日本最古級の縄文遺跡・大平山元遺跡にて日本人のルーツを妄想する
「世界最古の国・日本」のルーツともいえる縄文時代が、意外と先進的で文化レベルが高かったことが分かってきている。
そんな縄文遺跡群が世界文化遺産に登録されたわけであるが、その中でも「最古」の大平山元(おおだいやまもと)遺跡にフィーチャーしてみたい。
大平山元(おおだいやまもと)遺跡とは?
青森市から車で40分ほど走った津軽半島の中ごろにある大平山元遺跡は、世界文化遺産に登録された縄文遺跡群の中でも「最古」である紀元前13000年ほどのものと推定されている。

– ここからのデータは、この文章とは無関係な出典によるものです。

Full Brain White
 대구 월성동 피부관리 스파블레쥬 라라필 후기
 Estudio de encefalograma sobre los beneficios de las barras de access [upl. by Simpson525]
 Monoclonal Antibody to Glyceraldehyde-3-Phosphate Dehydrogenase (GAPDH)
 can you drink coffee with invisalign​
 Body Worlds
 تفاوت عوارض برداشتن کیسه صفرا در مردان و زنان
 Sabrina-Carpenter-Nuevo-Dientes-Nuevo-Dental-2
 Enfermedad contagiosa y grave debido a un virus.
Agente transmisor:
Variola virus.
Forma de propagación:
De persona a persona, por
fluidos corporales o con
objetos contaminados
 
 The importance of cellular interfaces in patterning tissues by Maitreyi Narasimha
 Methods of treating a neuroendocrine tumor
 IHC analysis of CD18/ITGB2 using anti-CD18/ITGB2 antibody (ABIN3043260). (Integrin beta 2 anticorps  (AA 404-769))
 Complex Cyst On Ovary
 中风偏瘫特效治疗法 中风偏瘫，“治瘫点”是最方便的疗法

「現在のところ北東アジア最古級の土器」が出現しているというところがポイントである。世界最古の国・日本を考えるうえで、ここの遺跡を外して語ることはできない。
観光スポットとしては、青森市内にある山内丸山遺跡の方が有名であるが、世界最古の国・日本の”空気感”を知るために現地を訪れてみたw
山があり、森があり、川がある
縄文時代における現時点での「最古」の遺跡・・・という響きを聞いて、イギリスにおけるストーンヘンジのような、何か特別な”聖地感”を期待していなかったといえば嘘になる。
しかし、大平山元遺跡は、日本のどこにでもあるような山間の里の中にあった。残念ながら、特別な”聖地感”はなかった。
けれども、あとから考えたらこの「ごく普通の日本の山里」に遺跡があることにこそ、重要な意味があるように思えてきた。
大平山元遺跡のまわりには、ごく普通の山があり、森があり、川がある。
当時は稲作は行われていなかったから、広大な平野部に暮らす必要性はない。狩猟採集生活を行っていた古代縄文人にとって、山の幸、森の幸、川の幸があることが大事であり、それこそが日本という土地の豊かさの現れでもある。
特別感のない、ごく普通の山間部で暮らせるということ自体が、縄文時代が長く安定的に続いた要因なのだと思う。
古代日本における「気候」の問題
古代の日本を考えるうえで、無視してはいけない大きな要因がある。それは「気候」である。
大平山元遺跡で生活が営まれていたと推定される時期は、日本列島が最も寒い時期であったことが分かっている。
青森県の気温の推定である。
1万5680年前の温度が最も低くて気温5.2度、その後徐々に温暖化が進み、6670年前に最高の気温20.0度。そして現在は気温16.7度となっている。
つまり、大平山元遺跡で生活が行われていた時期の青森は、現在よりも10度以上気温が低かった。ということは、地球全体が寒冷化していた時代であり、海面は今より低く、ユーラシア大陸と日本列島は一体化していた。陸奥湾もほとんどが陸地だった可能性があり、そうすると大平山元遺跡は海からかなり離れた内陸部の山間にあったこととなる。
海に近い方が貝なども採りやすいし、何よりもっと温暖な地域に住んだ方が自然のめぐみも多そうだ。そういう意味では、大平山元遺跡は、同時期に存在したはずの集落群の中で、マイナーな存在だったのかもしれない。(当時の海に近かった縄文人集落跡は、現在では海の底)
あるいは、厳しい気候のデメリットを上回るメリットがあったのか。遺跡の公式HPには「良質な石材を採取できる場所」と書いてあるので、もしかしたら石材の採集に特化した一族の集落だったのかもしれない。
ただ、下の日本地図を見ると、別の考えも思い浮かぶ。
左側が氷河時代の日本列島の白地図とされるが、現在の津軽半島が、北海道と本州を結ぶ交通上の要所になっているではないか~!
とするならば、大平山元遺跡も交通の要衝にあったこととなり、地政学上の必然性も生じてくることとなる。古代日本の「交通」、あるいは「交易」を考えるうえでも、非常に興味深い。
もとい、この時期を境に、古代縄文人は「定住生活」に入っていくのである。